Data records:
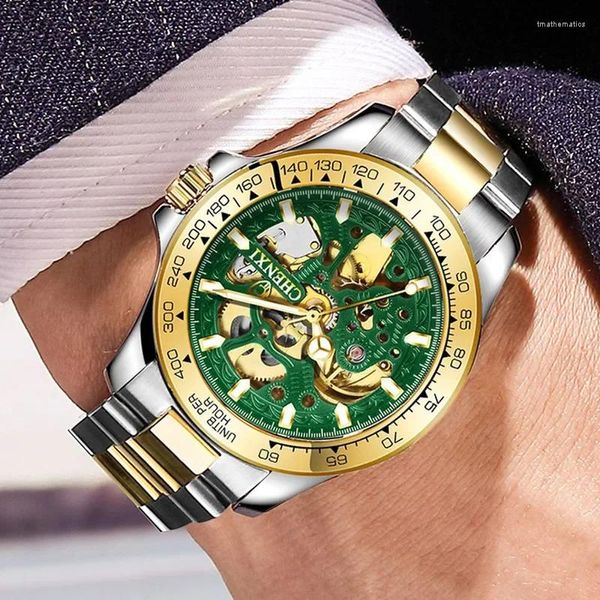 Наручные часы CHENXI, роскошные золотые часы, мужские часы со скелетом, модный королевский дизайн, автоматический механический механизм с полым механизмом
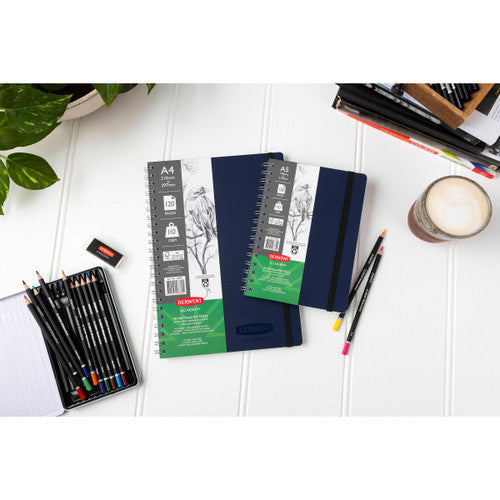 Derwent Academy Visual Art Diary A4 Portrait 120 Page Navy Pack of 10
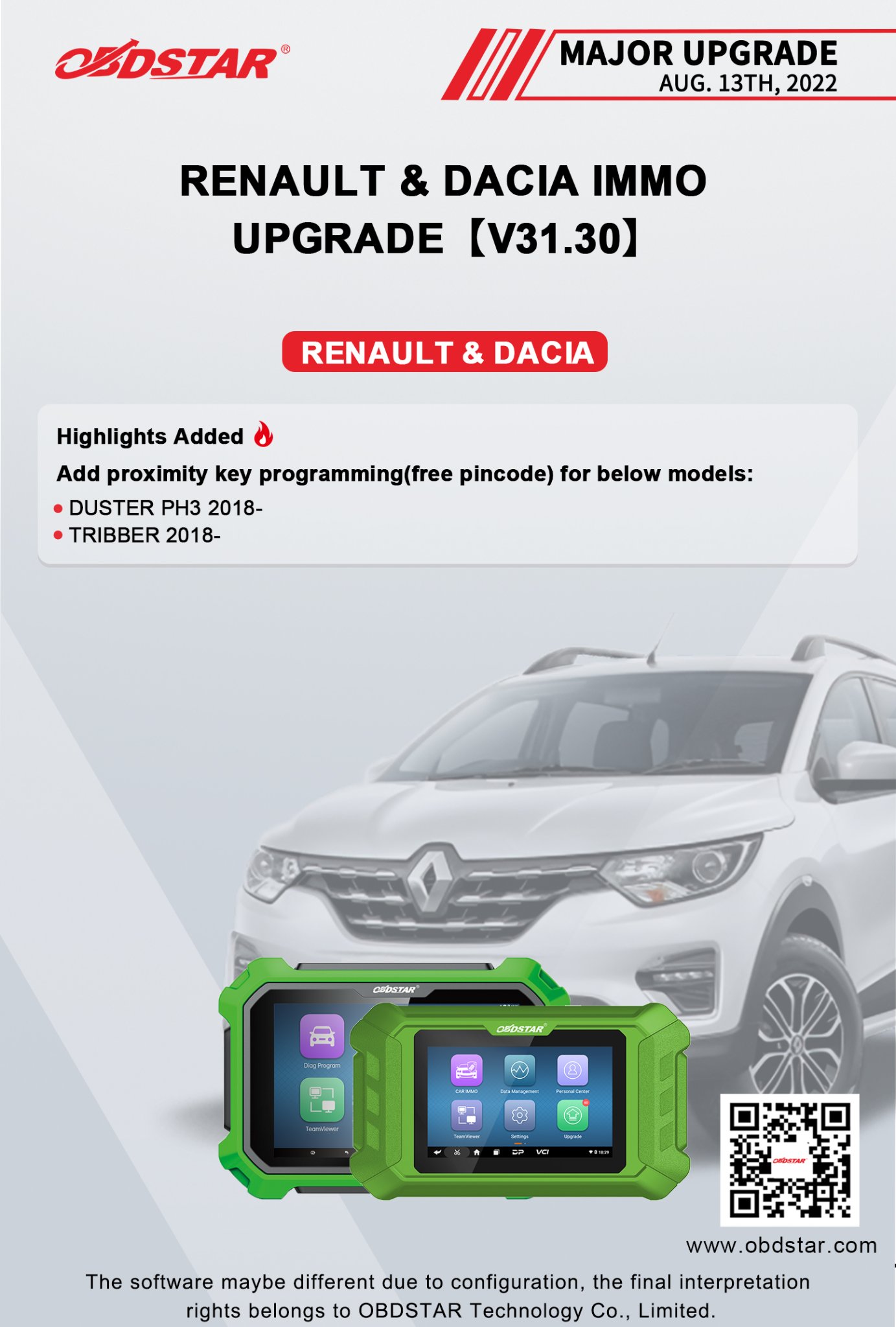 RENAULT & DACIA V31.30 IMMO Upgrade on OBDSTAR X300 DP Plus and X300 MINI CHRYSLER and X300 Pro4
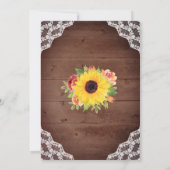 Rustieke Herfst Zonnebloem Koraal Bloemen Lichten  Kaart (Achterkant)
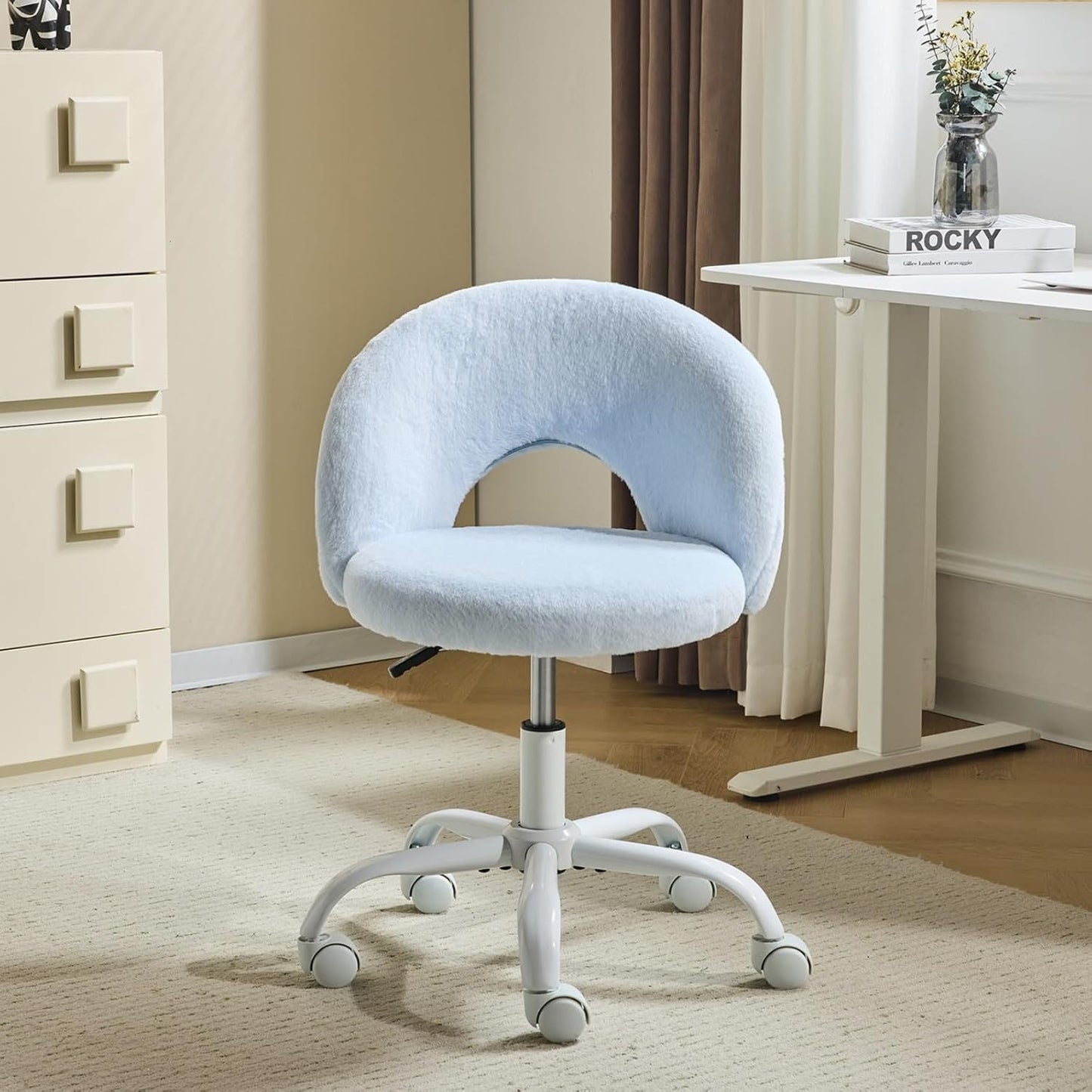 Small Size Living Room Lounge Chair with Faux Fur Cute Dressing Chair, Adjustable Height Armless Desk Chair, 360° Rotation and Comfortable Rolling, Suitable for Study,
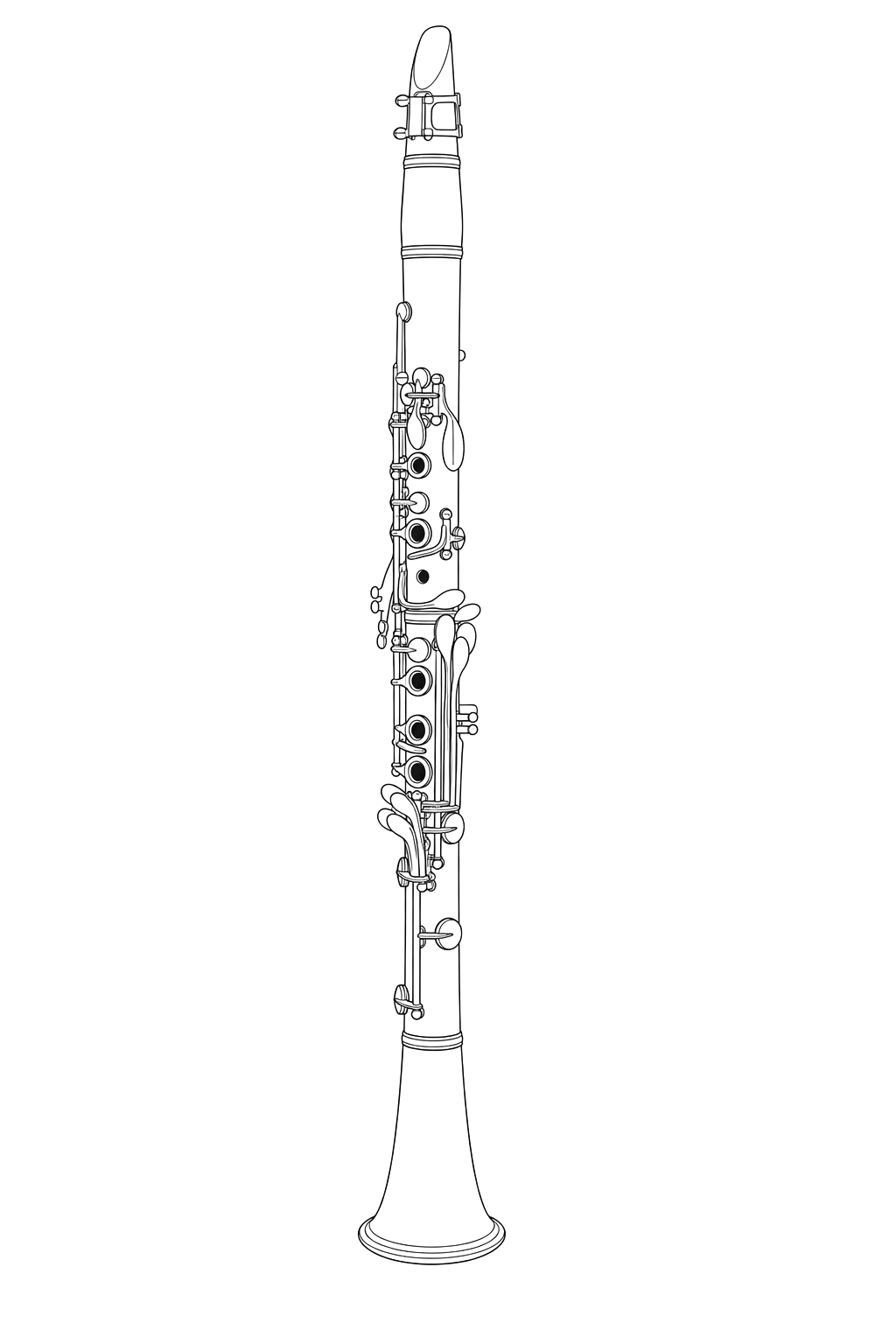 Technical line drawing of Buffet Crampon R13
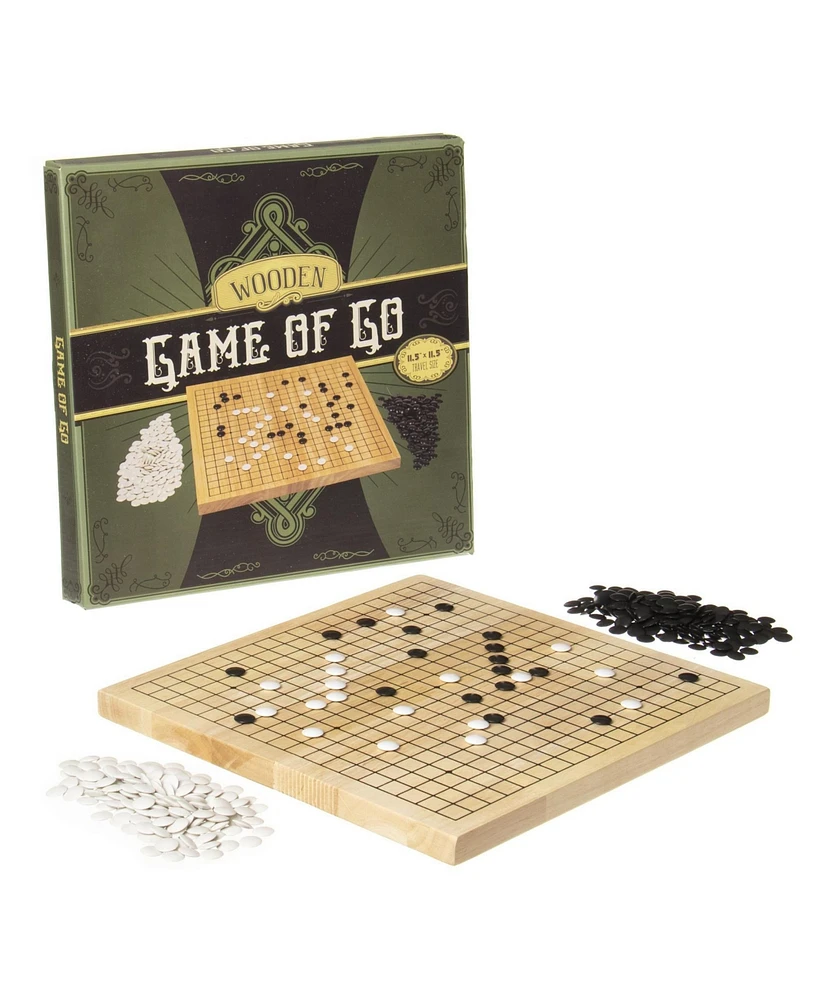 Slickblue Game of Go Set with Wooden Board and Complete Set of Stones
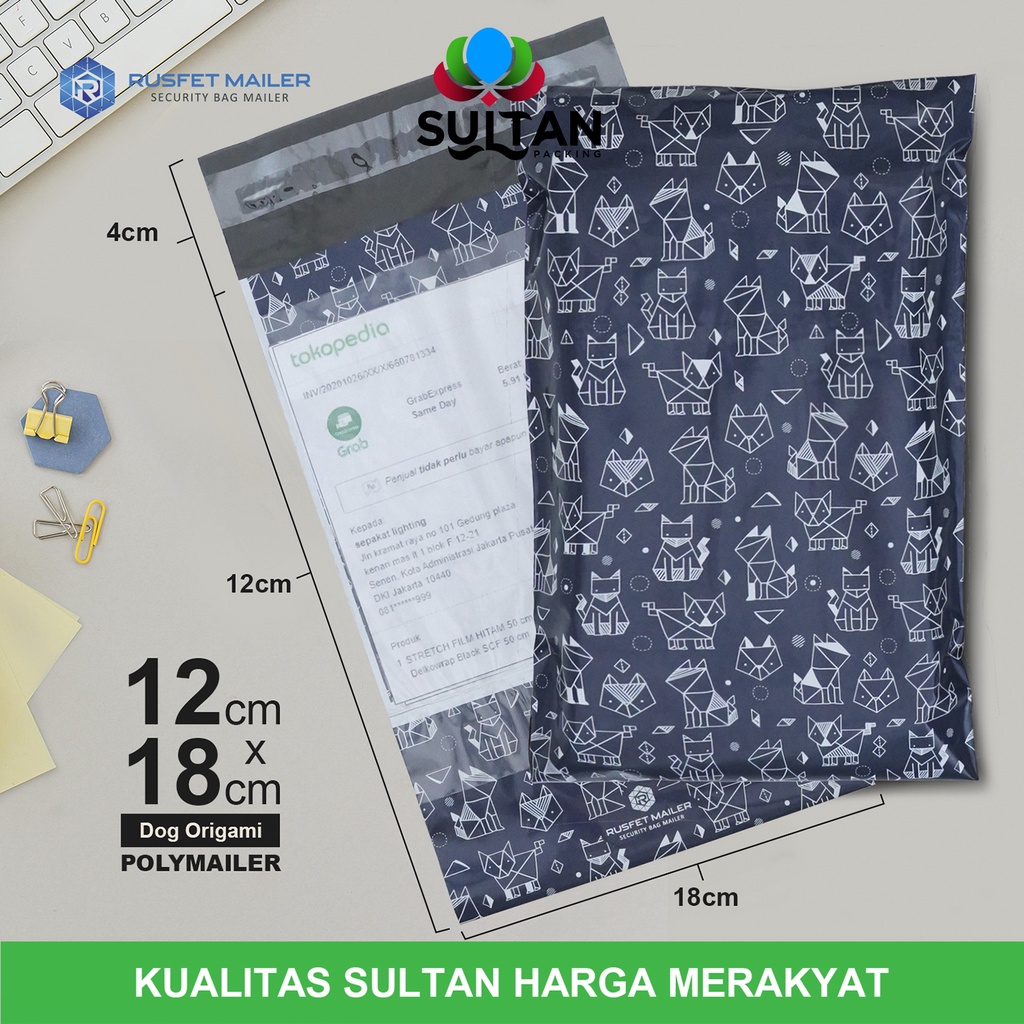 

POLYMAILER MOTIF DOG ORIGAMI 12CM X 18CM / AMPLOP PLASTIK PACKING RUSFET PREMIUM TERMURAH - SATUAN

Exercise: All of the listing above has to be reproduced exactly, though without its images.

Answer:
 Наручные часы CHENXI, роскошные золотые часы, мужские часы со скелетом, модный королевский дизайн, автоматический механический механизм с полым механизмом
 Derwent Academy Visual Art Diary A4 Portrait 120 Page Navy Pack of 10
 RENAULT & DACIA V31.30 IMMO Upgrade on OBDSTAR X300 DP Plus and X300 MINI CHRYSLER and X300 Pro4
 Rustieke Herfst Zonnebloem Koraal Bloemen Lichten  Kaart (Achterkant)
 Small Size Living Room Lounge Chair with Faux Fur Cute Dressing Chair, Adjustable Height Armless Desk Chair, 360° Rotation and Comfortable Rolling, Suitable for Study,
 Technical line drawing of Buffet Crampon R13
 Slickblue Game of Go Set with Wooden Board and Complete Set of Stones

POLYMAILER MOTIF DOG ORIGAMI 12CM X 18CM / AMPLOP PLASTIK PACKING RUSFET PREMIUM TERMURAH - SATUAN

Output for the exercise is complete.